Breaking the 20th Century FPP Connection
Keith Rankin, 12 August 1998
Government in New Zealand this century has always worked by contrived majorities. Policies under the prevailing First-Past-the-Post (FPP)electoral culture would be decided by the Inner Cabinet. (When Sir Robert Muldoon was Prime Minister, there was an effective Inner Cabinet of one!) Inner Cabinet would impose its view on the full Cabinet. Outer Cabinet Ministers knew that the route to future political power was by being loyal to the Inner Cabinet.
"Collective Cabinet responsibility" - one of the key phrases of New Zealand's twentieth century political culture - means that Cabinet imposes itself on the Government caucus (or caucus of the senior governing party), just as the Inner Cabinet imposed itself on the full Cabinet.
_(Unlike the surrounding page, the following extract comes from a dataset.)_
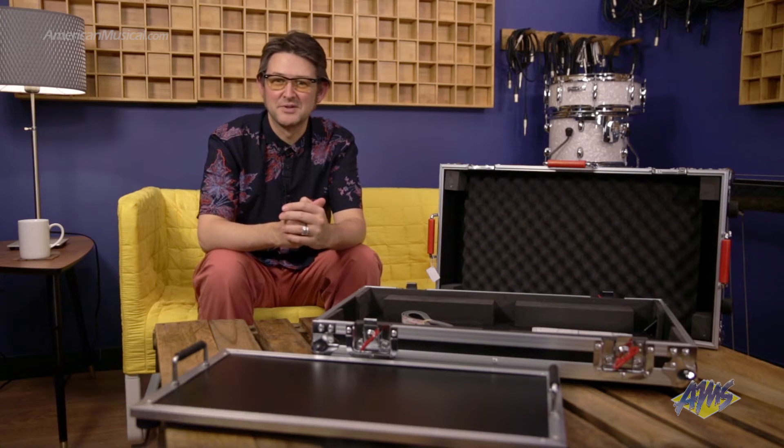Hey there, everybody. Andrew from American Musical Supply here with a pedalboard that can comfortably hold 10 to 14 pedals, the Gator G-Tour Large Pedalboard.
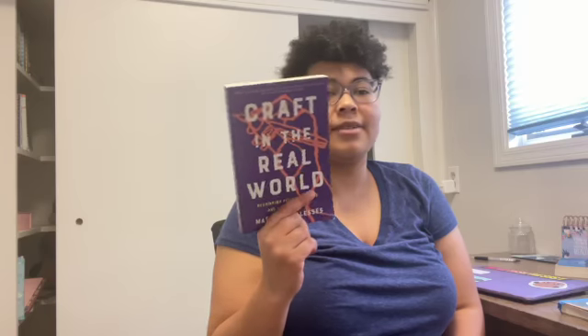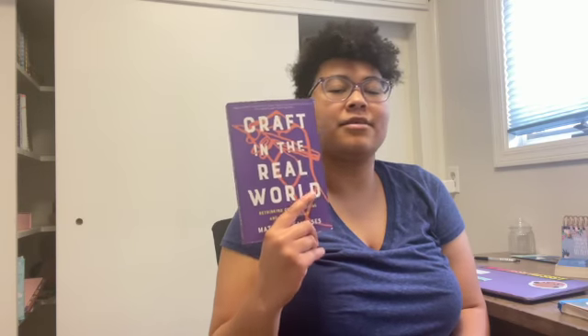I got this advice from Craft in the Real World — I will definitely be making a review of this book. I think it's excellent, but at the end of the book there were some strategies for revision, so I just went through and thought about which ones I should do before I start my — I guess it's more of a rewrite than a revision, but I'll talk about that later.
Under MMP so far, the next step (which was never necessary before 1995), requires the senior government caucus and cabinet together to create a contrived unanimity across the whole of the governing coalition.
The final step was the "whipping" requirement of the government to block vote in Parliament, thereby rendering Parliament into a rubber stamp for, in effect, the Cabinet insiders. While it is quite possible that the only people who actually support the policy are the Inner Cabinet (ie 1-5 people), the policy, through this sequence of contrived majorities, gets passed by Parliament.
Christine Fletcher found that she could only have a democratic impact by resigning as a Minister, thereby making it easier to break ranks from the sequence of contrived majorities. It is easier to break ranks at caucus level than at Cabinet level.
Today, however, Winston Peters and his party broke ranks at the Cabinet level. Otherwise, their actions are no different from those of Christine Fletcher late in 1997.
I'm yet to be convinced that the coalition is over. But, even if it survives, then the FPP connection must have been broken. The only way that the sequence of contrived majorities can be used by a minority government to impose its will on Parliament is to make every vote in Parliament a vote of confidence. And that's not likely. As we say in New Zealand, "turkeys don't vote for an early Christmas".
New Zealand First will have much more leverage on preventing New Right policies "outside the tent". The advantages of being on the inside were the greater opportunities to propose policy. But, in practice, the compromises of collective Cabinet responsibility, limited those opportunities.
In 1999, if New Zealand First abstains on votes of confidence, and votes against National on every policy that it disagrees with, then we can have good government. Interestingly, where there are votes on economic policy, Labour may be forced to reveal its hand, either voting with National, or committing itself to a New Left rather than a New Right economic policy agenda.
I look forward to watching the right-wing Cabinet Ministers being forced to yield to the forces of democracy, which for them means humble pie; National is not the natural party of government. The only rational strategy for National is, while staying on as Government until December 1999, to give up the agenda that it has been trying to impose without a mandate to do so.
Furthermore, knowing that it can no longer impose New Right legislation on Parliament, the government - minority or coalition - might like to use 1999 to clear the backlog of Private Member's legislation. The only way National can be re-elected in 1999 is to be seen to facilitate rather than frustrate Parliamentary democracy; by rebranding itself as a democratic party.
Under proportional representation, if you want to keep power, you have to be democratic, and be seen to be democratic. Are we grown up enough to commit ourselves to a democratic political culture in the 21st century? Or will policy continue to be imposed on high from the inner sanctum?